The converted, raw buffer can then be fed to the loaded model by creating a stream, feeding it with the buffer, and then waiting for the transcribed text to be computed.

export async function getText(url: string): Promise<string> {
  if (!activeModel || !audioContext) {
    throw new Error(
      'SpeechToText.start() must be successfully called before transcribing messages'
    );
  }

  log.info(`SpeechToText.getText: transcribing ${url} with model ${BASE_MODEL_PATH}`);
  const response = await fetch(url);
  const raw = await response.arrayBuffer();
  const audioBuffer = await audioContext.decodeAudioData(raw);

  if (audioBuffer.sampleRate != activeModel.sampleRate()) {
    // In practice, this should never happen. The audio context should do its magic
    // for us to prevent it.
    throw new Error(
      `SpeechToText.getText: message rate ${audioBuffer.sampleRate},  model ${activeModel.sampleRate()}`
    );
  }

  let processedData = converFloat32ToInt16(audioBuffer.getChannelData(0));
  let modelStream = activeModel.createStream();
  modelStream.feedAudioContent(Buffer.from(processedData.buffer));
  return modelStream.finishStream();
}

Step 3 - Wiring things together

The easiest way that I found to stitch everything together was to add a specialized reactjs effect to perform the speech to text transcribing for messages that had “audio attachments”, in MessageAudio.tsx. This was as easy as calling the previously discussed getText function and providing it with the URL of the audio attachment. I slightly extended the HTML of the component showing the message in Signal in order for it to support showing the transcribed audio once it’s available. See this commit.

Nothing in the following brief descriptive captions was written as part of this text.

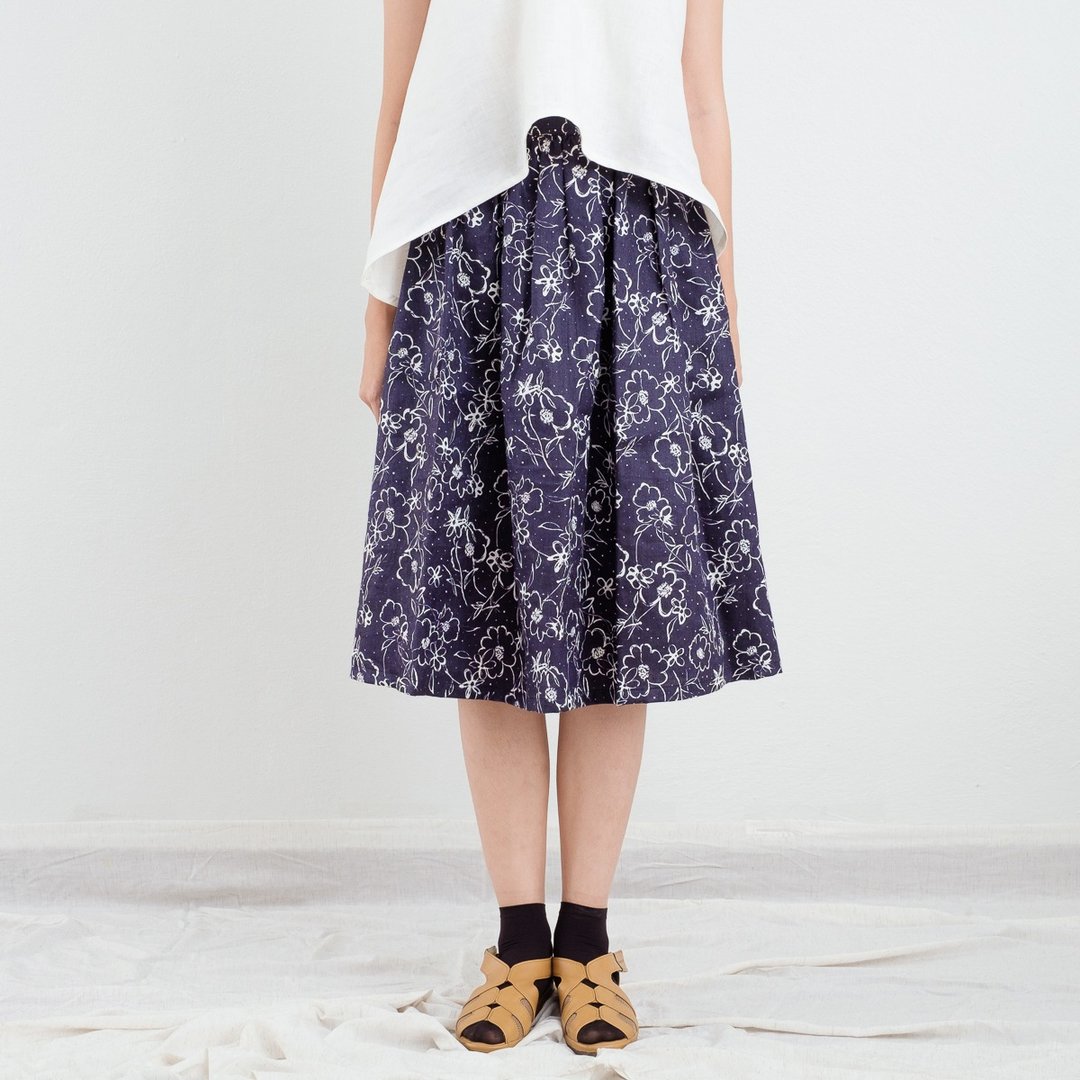 Navy blue with white flora linen skirt - 裙子 - 亚麻 蓝色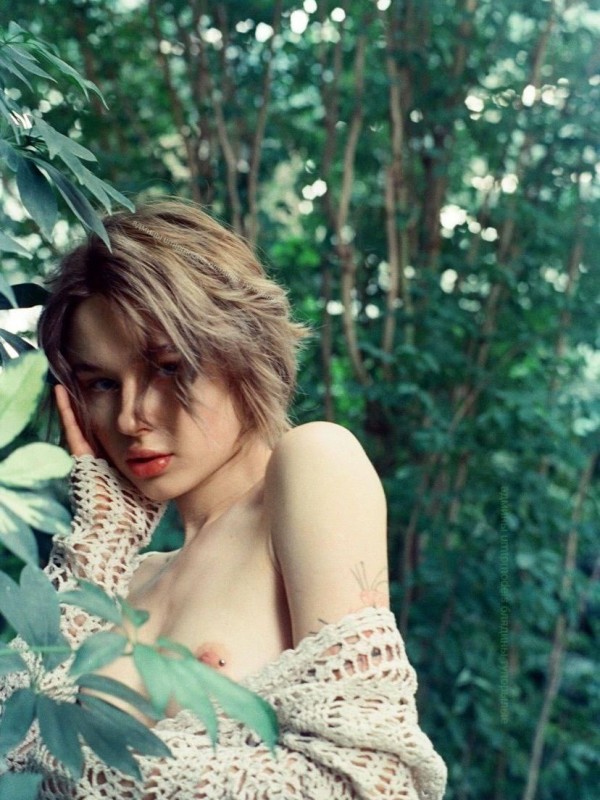 Алина привлекательная девушка из Суходольска цена от 7000 руб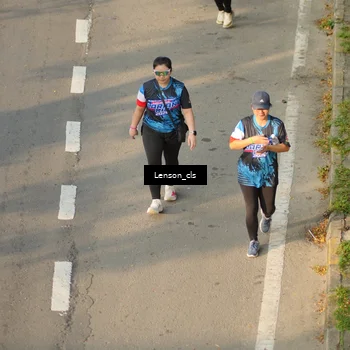 Runner Photo 7658225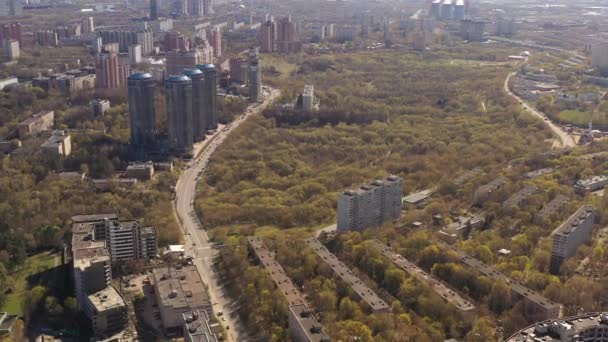 Панорамный Вид Многоэтажные Жилые Дома Вблизи Базовой Инфраструктуры Большого Города — стоковое видео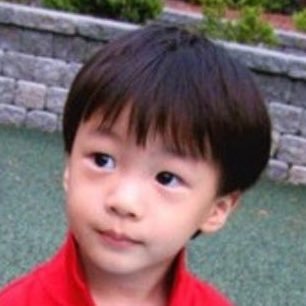 AntoneProlover's profile picture. 앤톤 라뷰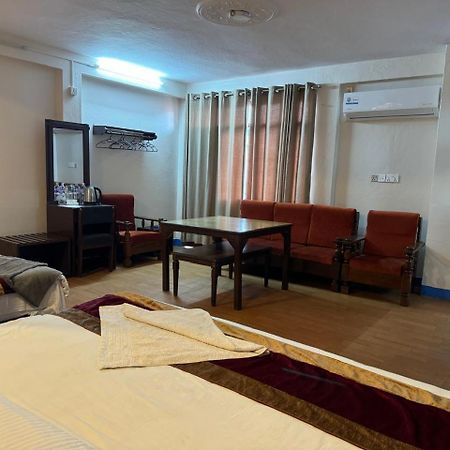 Hotel Silver Jubilee Kathmandu Esterno foto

Conclusions and potential improvements

This was a fun experiment, but nowhere near production ready. I really wish this was a polished feature of the products I use the most! While the current implementation relies on models to be downloaded, the major upside is that the raw unencrypted audio streams never have to leave the local machine. The speech to text computation process is completely offline. Aside from the transcription quality, there are a few companion features that I believe would make such a capability amazing:

  • once a transcription is computed, we should be able to save it locally and not automatically retrigger STT next time (unless requested so by the user, in case a new model is available); this would allow us to save processing time and make loading huge conversations much faster;
  • with transcriptions being safely stored to the disk, we could even think about making audio messages searchable, by indexing the transcribed text. That would make my days so much better;
  • allow users to tweak the transcribed text, to manually fix wrong transcriptions and make searches more effective; who knows, maybe in the future this could feed back into the model via federated learning or one-shot distributed learning.